**PROBLEM DESCRIPTION**
What you should end up with is an exact copy of the lines from the one holding "Stoyan Dimitrov" through the last line of the entries below, both included, and nothing else; leave every picture out.
DATA IN THIS EXERCISE Start Marker
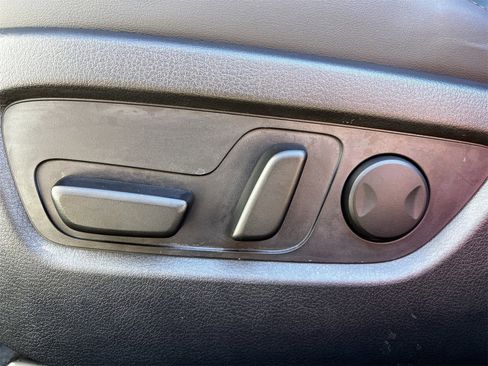 Used 2024 MAZDA CX-30 2.5 Turbo w/ Premium Package image 24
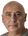 Stoyan Dimitrov
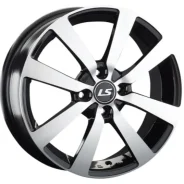 LS Wheels LS 948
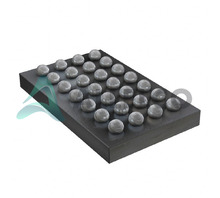 BQ51013AYFPT Image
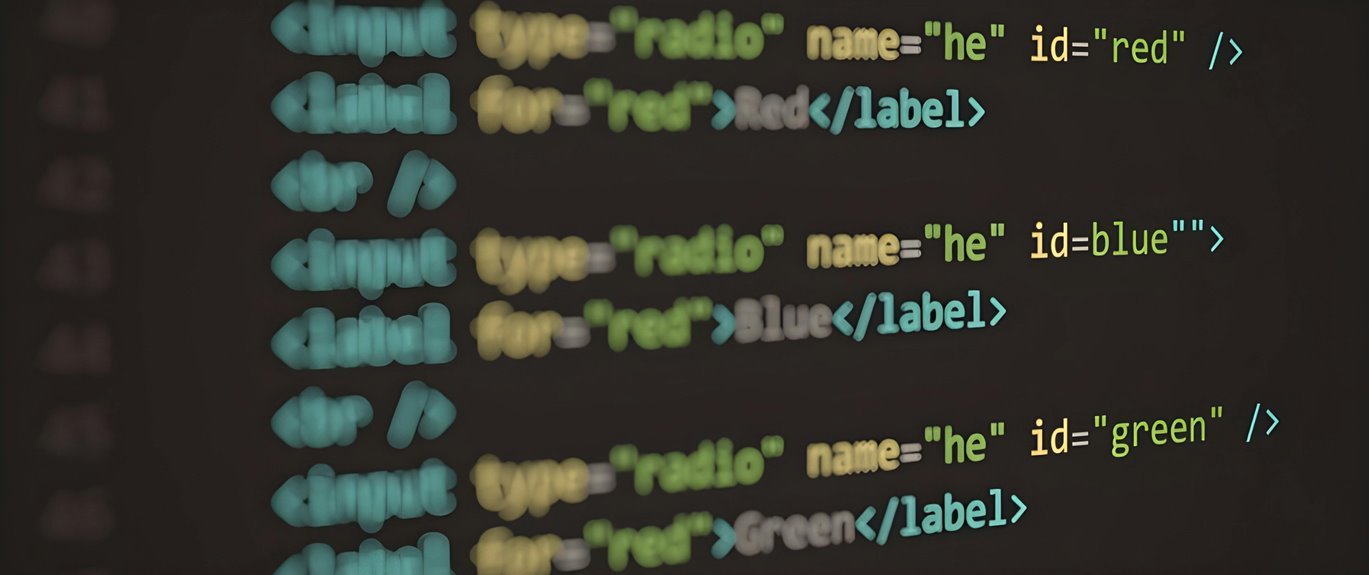 creative web engine hub identifier 654089993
DATA IN THIS EXERCISE End Marker
**SOLUTION BELOW**
 Stoyan Dimitrov
 LS Wheels LS 948
 BQ51013AYFPT Image
 creative web engine hub identifier 654089993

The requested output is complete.